My son has always slept in his crib in his own room. About two months ago he refused to sleep in his room or in his crib. Help!
DR. RUTHERFORD: Sometimes children will go through periods when they’re scared, especially in the dark when they’re alone by themselves. In fact, I think it’s a fairly normal stage.
MOLLY: This was submitted from a Mom in Kansas. She elaborated that her 2 year-old son needs to feel someone near him. “We have converted his crib into a toddler bed, but he still won’t sleep in his bed. He has to sleep with us. This even happens during the day also. He used to sleep fine in his crib for his naps, but now he has to fall asleep on the couch or floor as long as someone is there. I don’t know what to do anymore. So at this point all three of us (my husband, son and I) sleep in our bed. This just isn’t working for any of us.”

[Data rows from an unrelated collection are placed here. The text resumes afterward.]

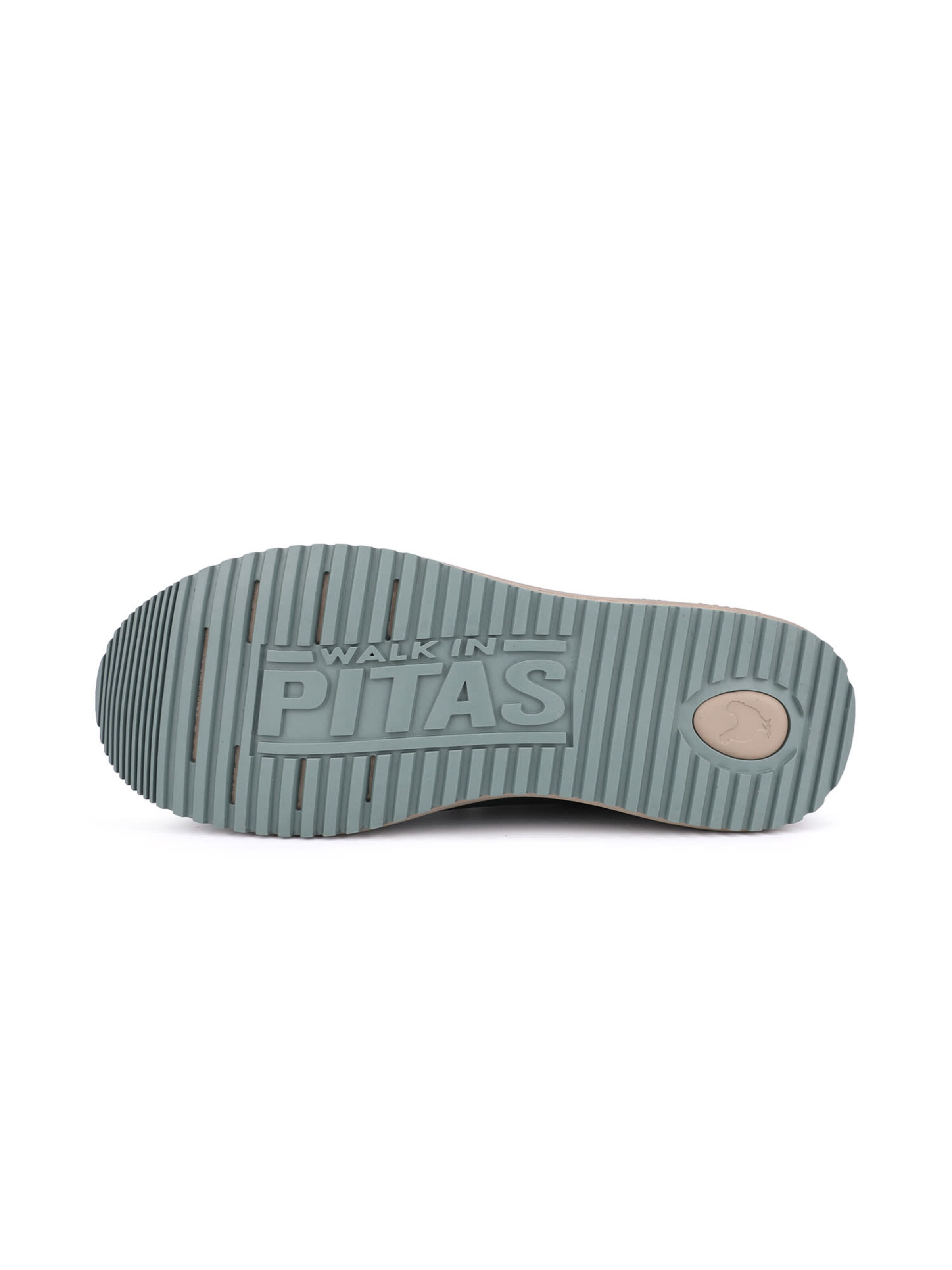 Walk In Pitas Moccasin 'Osaka' in Blue: bottom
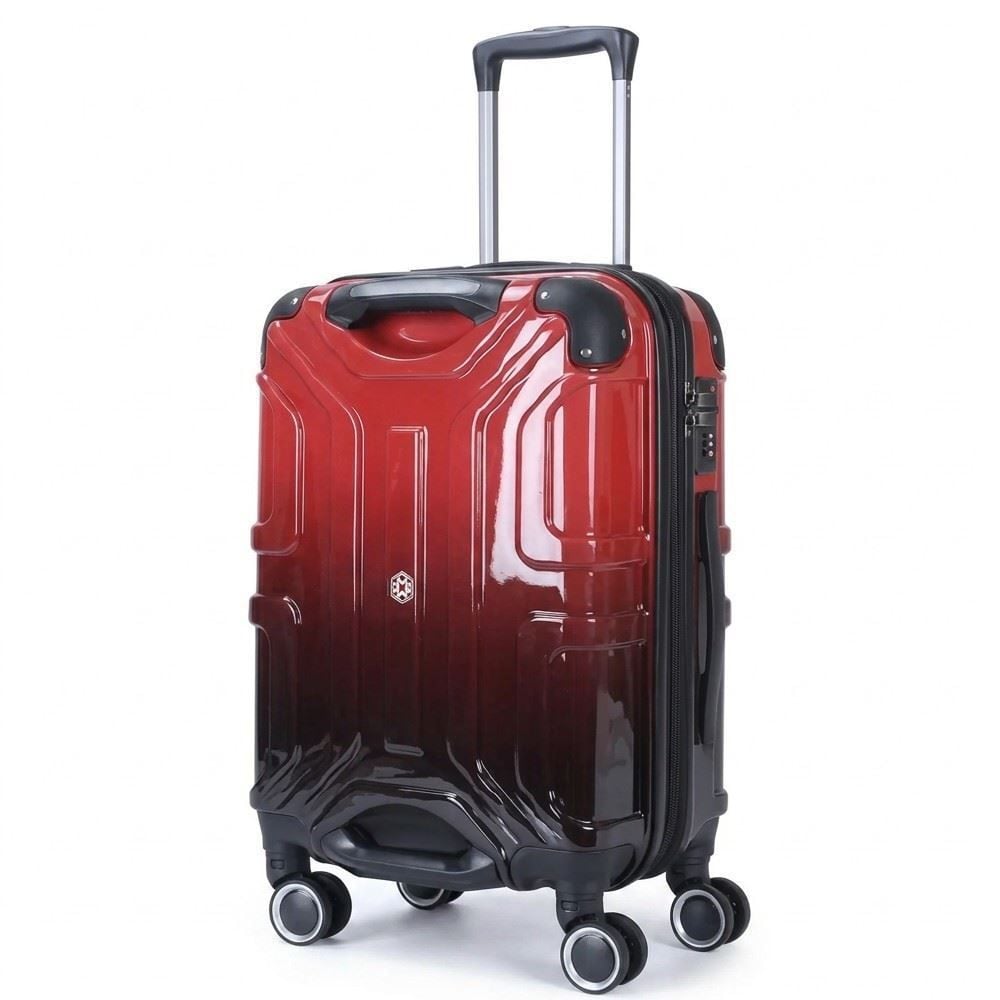 Mala de Bordo Ml-300 Abs Della Import - Vermelho Degradê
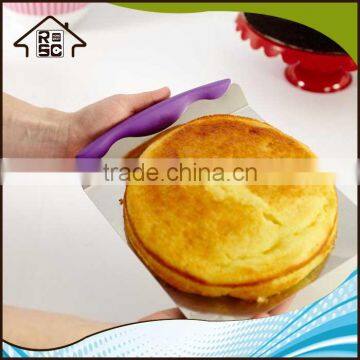 NBRSC Transfer Cake Tray Stainless Steel Cake Baking Tools Moving Plate Cake Lifter photo-2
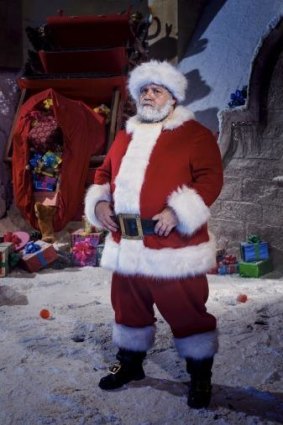 Quirky role: Nick Frost plays Santa Claus in <i>Doctor Who: Last Christmas</i>. 
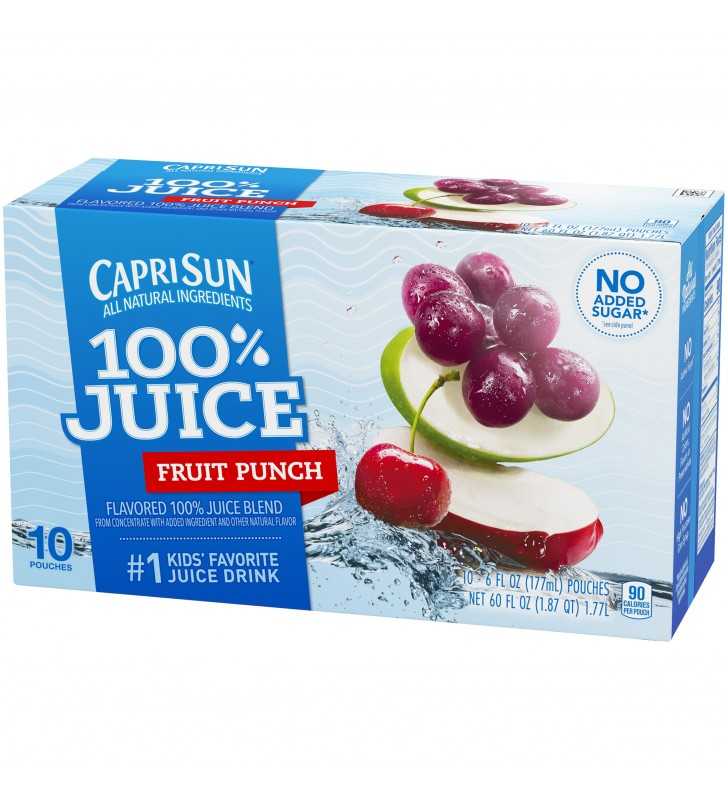 Capri Sun Flavored Juice Drink Blend Variety Pack, 40 ct./6 fl. oz.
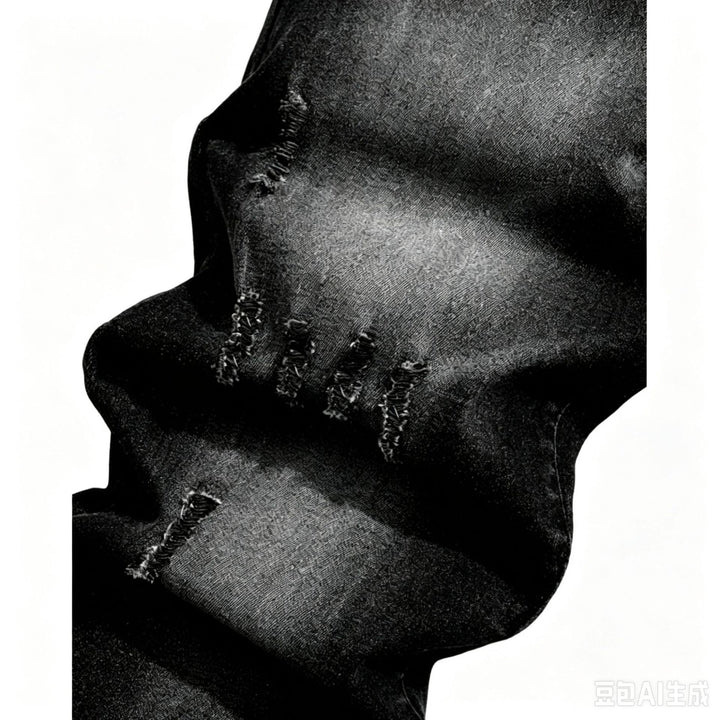 Men's Fashion Ripped Jeans Mune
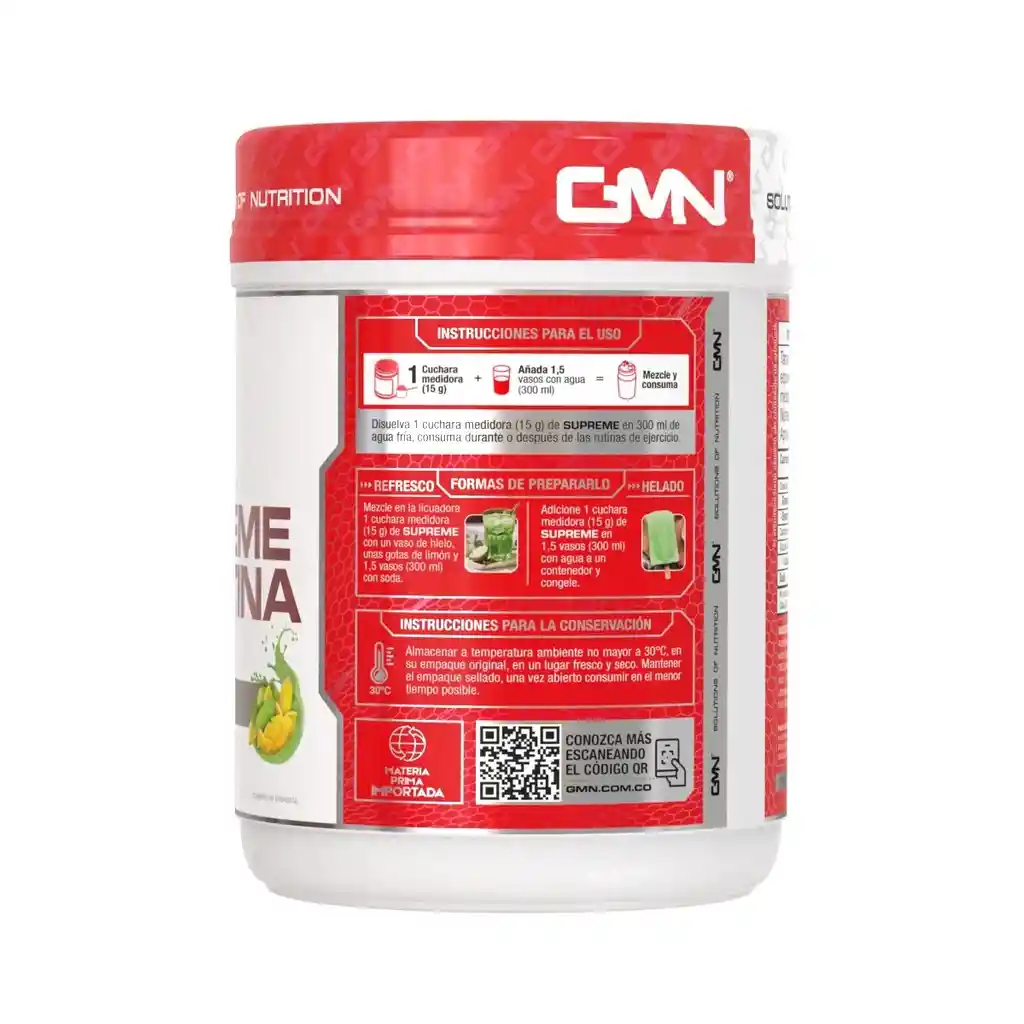 Creatina Supreme Gmn 30 Servicios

DR. RUTHERFORD: It sounds like, for whatever reason, he is needing reassurance that he’s not alone. One technique she could try is to substitute the real thing (meaning the parents) for a stuffed animal or two.
What she could say to the child is, “See this elephant? I’m going to put this elephant at the corner at the bottom of your bed and this elephant is going to watch over you all night and keep you safe while you’re sleeping in bed.”
I would give him a stuffed animal to hold while he’s sleeping –actually place it in his arms– and then I would put a larger one at the the bottom of the bed to be the night guard.
MOLLY: I was thinking that another thing she could do is pick out a night light together that he could leave on in his room. Or, what about if they checked for monsters together before a nap or before bedtime by opening all the closets together, checking under the bed, and taking a flashlight to the corners?
DR. RUTHERFORD: I would think she would want to ask him if he’s scared of something before doing that, because he may not be. If he is, that would be a good ritual to do together.
If he is scared of monsters or strangers in the night, a parent could even announce out loud that they are not welcome in that room and they need to clear out! The parent can even say it to the stuffed animal in front of the child. At this age, a child can’t tell the difference between fantasy and reality. If he believes the stuffed animals will protect him, that might be enough to settle his mind for sleep. I’ve seen this work over and over again.
MOLLY: Do the parents need to talk about how he needs to sleep in his own bed and not in mommy and daddy’s bed?
DR. RUTHERFORD: I wouldn’t even go there and would rather start with a transitional object first. A transitional object could be a blanket, of course, though I’ve seen it work really well with stuffed animals once children are verbal.
MOLLY: Are there any long-term effects from using a transitional object during his stage of development?
DR. RUTHERFORD: I think transitional objects can be very beneficial as children begin to face the unknown of the world around them. Most people simply outgrow the need for the object and are able to self-soothe when necessary.